If you don't have any way to keep your rifle steady, then you want to figure out the horizontal and vertical distance between the bull and the bullet hole and figure out the number of clicks necessary for your correction. With a good scope and accurate calculations, this will get you close to zeroed. With a cheap scope, you'll have to repeat this several times. Cheap scopes hardly ever have accurate click adjustments. The adjustments are usually larger than advertised, so if a cheap scope claims to have 1/4" clicks at 100 yards, they're usually 1/2". You won't know until you start making adjustments and seeing what happens, but if you see that your adjustments are overcorrecting, just reduce the number of clicks accordingly.
I just bust out laughing at work! Thanks for the laugh.
The actual person whose rifle barrel exploded was unharmed and posted the aftermath pictures the same day on a shooter's board.
Looks like something the National Endowment For The Arts would pay someone $500,000 for.
Guns can be fun in the right hands.
Correct you are. If I am not mistaken this is the second post to FR. The first time this circulated was several years ago. No matter, the guy was fortunate.
I was involved in an incident of a 175mm round prematurely detonating in the tube of a gun (not a howitzer) in Vietnam. The crew survived, but with ear problems and minor cuts from shrapnel. The lot of fuses that had been put in the round had a manufacturing defect. I wish I had some pictures, it looked similar to this, just with a barrel that was 31 feet long. (I was a mechanic and had a new tube installed and the gun was firing again within 48 hours. Support maintenance flew out to inspect the cradle and recoil system, but there was nothing wrong with it)
I bet their kids were born dizzy.
Oh yeah, I forgot to mention that the man actually holding the boresight device fragment in his hand in the first picture was the actual shooter.
Somewhat similar for a 57mm recoiless rifle :-).
Tried but true method.
The last time I bought a scoped rifle - the gun shop guys did the basic zero with their collimator.
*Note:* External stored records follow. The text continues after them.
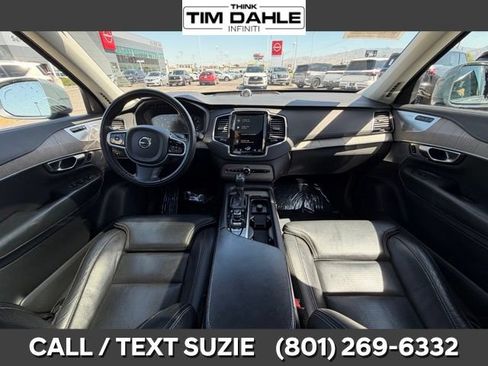 Used 2020 Volvo XC90 T6 Inscription w/ Protection Package Premier AWD/4WD image 2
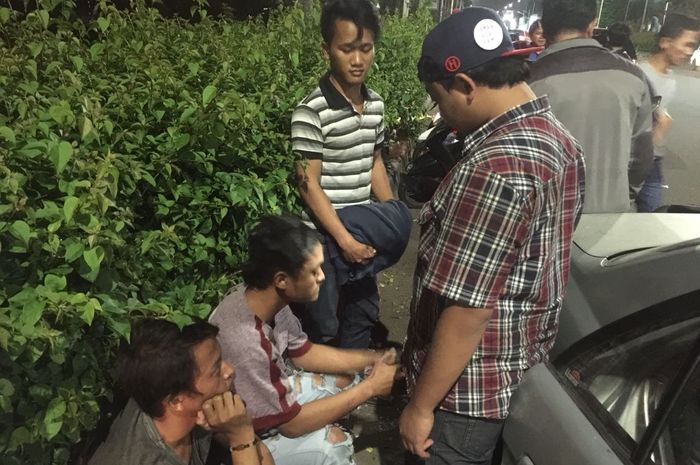 Komplotan penjual motor bodong tercyduk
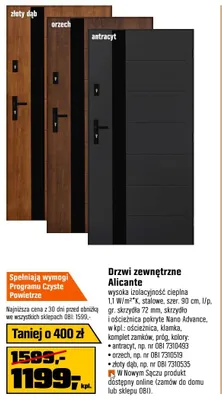 Gazetka, strona 8 promocja w OBI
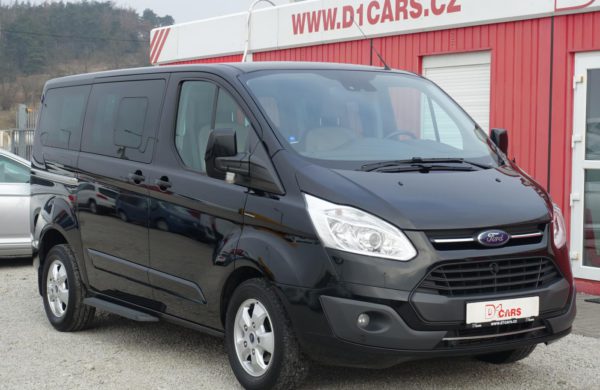 Ford Tourneo Custom 2.0 TDCi Titanium 125kW L1H1 8 MÍST, nabídka A259/19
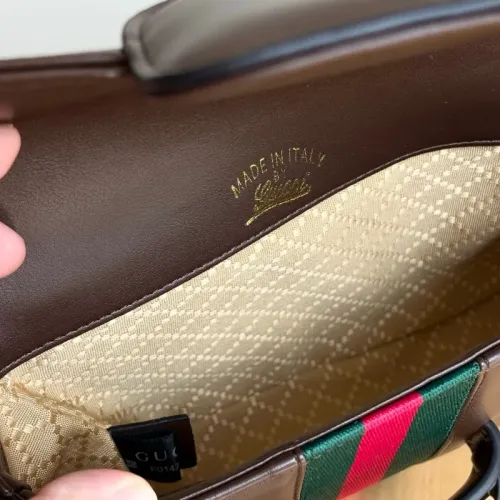 Replica Gucci AAA Quality Messenger Bags For Women #1441406 $76.00 USD for Wholesale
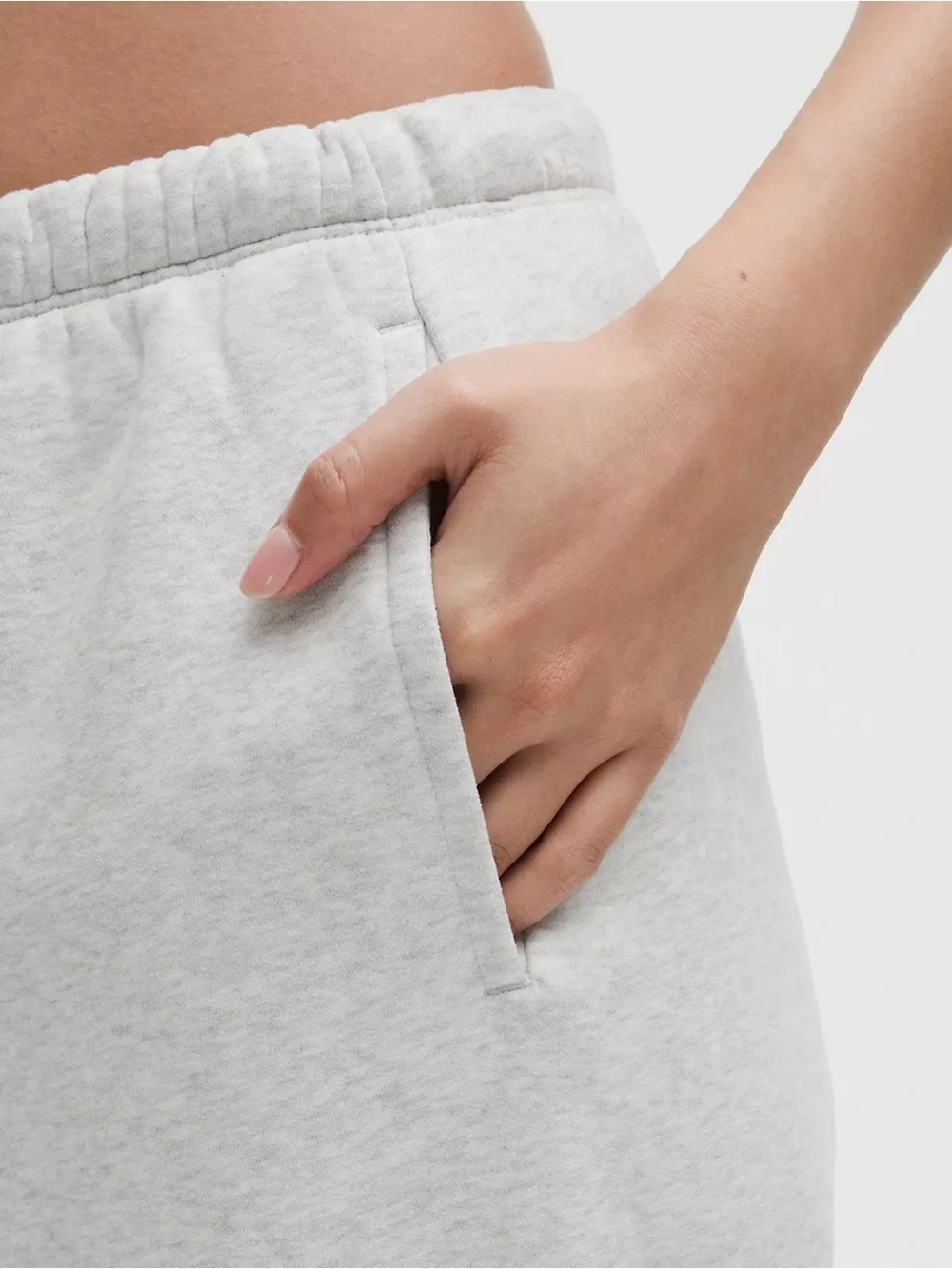 Lululemon Women’s Gray Sweatpants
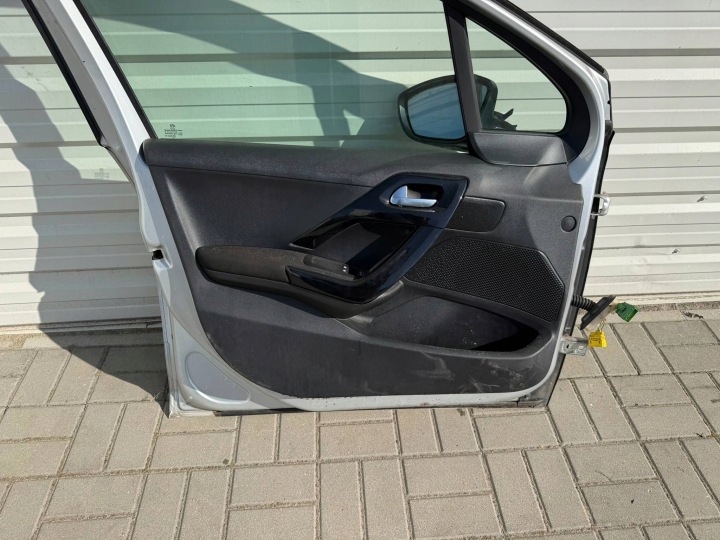 фото №13, Двері ліві перед ліве передні peugeot 208 i 5d eu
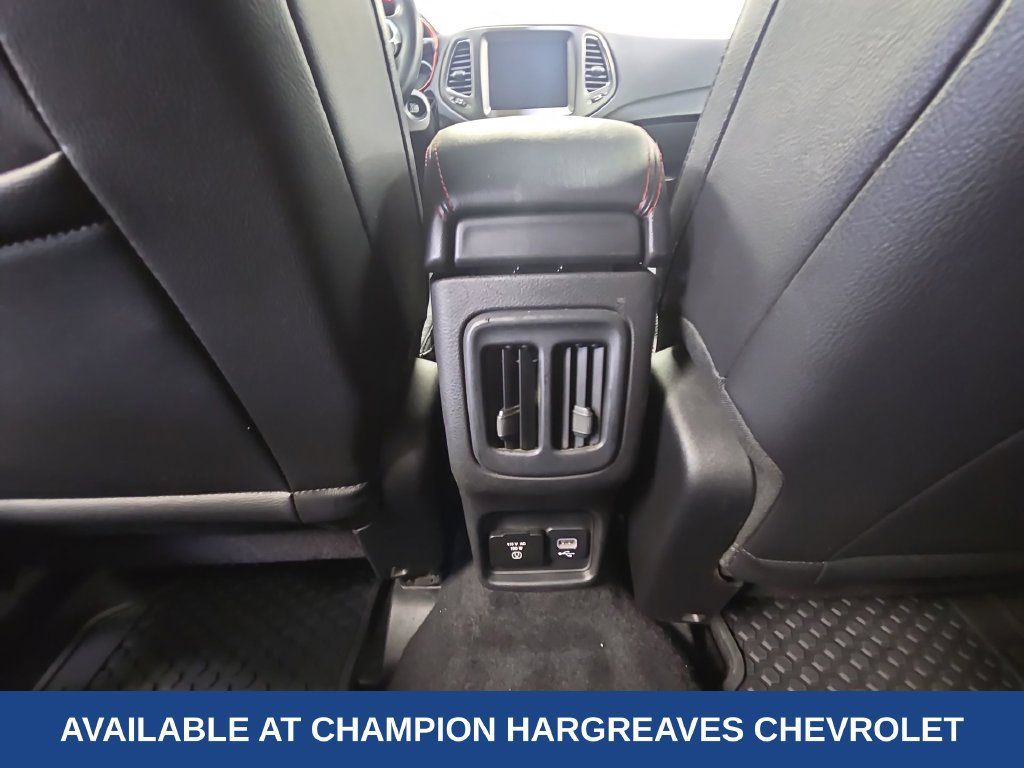 Used 2018 Jeep Compass Trailhawk AWD/4WD image 30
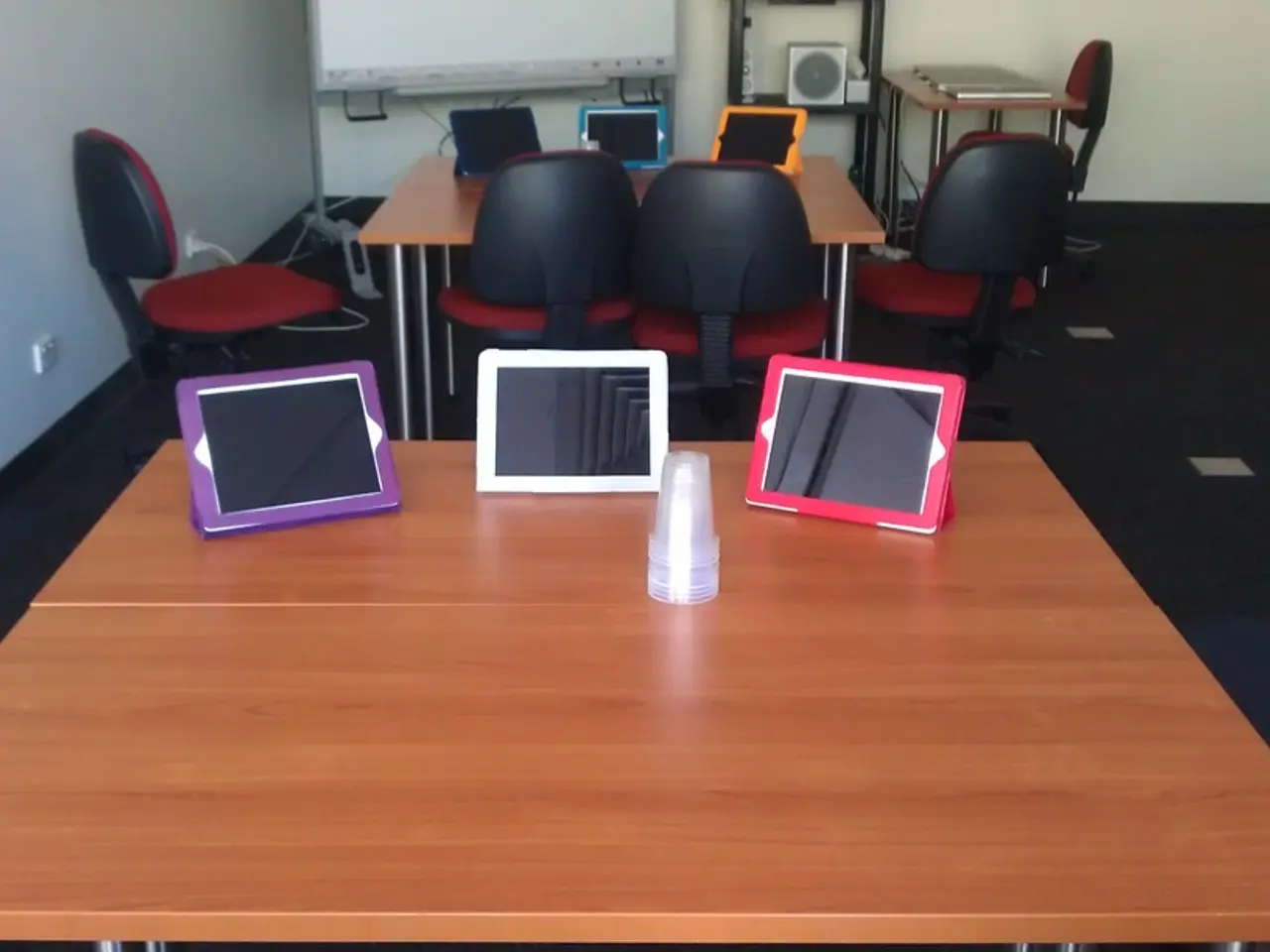 Apple reveals a thoroughly renovated iPad in a selection of four lively hues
Fast and had me on paper when I went to the range.
Thankfully, that guy is ok.
For the life of me, I cannot see any reason to bore sight a bolt rifle or AR any way OTHER than the way you described. It’s the distilled essense of KISS, it’s fast, it works, it needs no gizmos, and can even be done in the field.
As soon as I saw the pictures I thought of Eaker.
Figured I had to be too late by now to ping him.
Holy crap....
Did the fuse detonate as a result of the acceleration shock, ie, was the round on its way out of the tube when it went off?
Was this a M107 SPG?
Not with that rifle anyway.
Nah. A friend of mine blew up an Argentine Mauser. He decided the powder he'd been dumping out of the IMI blanks he was pulling the wooden bullets out of looked a lot like BLC-2, so he decided to whip up a couple of 'light' loads...
He got off very lucky. The rifle was toast (the hunter safety crew up here use it as an example of what NOT to do when reloading). He got a couple of small pieces of brass in the forehead and some concussion bruising to his hand when the foregrip splintered.
Shoot once, adjust the scope to put the crosshairs on the hole. Lather, rinse, repeat. You should be pretty much on within three shots.
You forgot to mention you have to reverse the adjustments on the scope. Boresighting brings the crosshairs to the impact. Sighting in by firing brings the impact to the crosshairs.
It gets even more confusing when using a dental mirror on a closed receiver like a Garand.
The better boresights use a modified cartridge.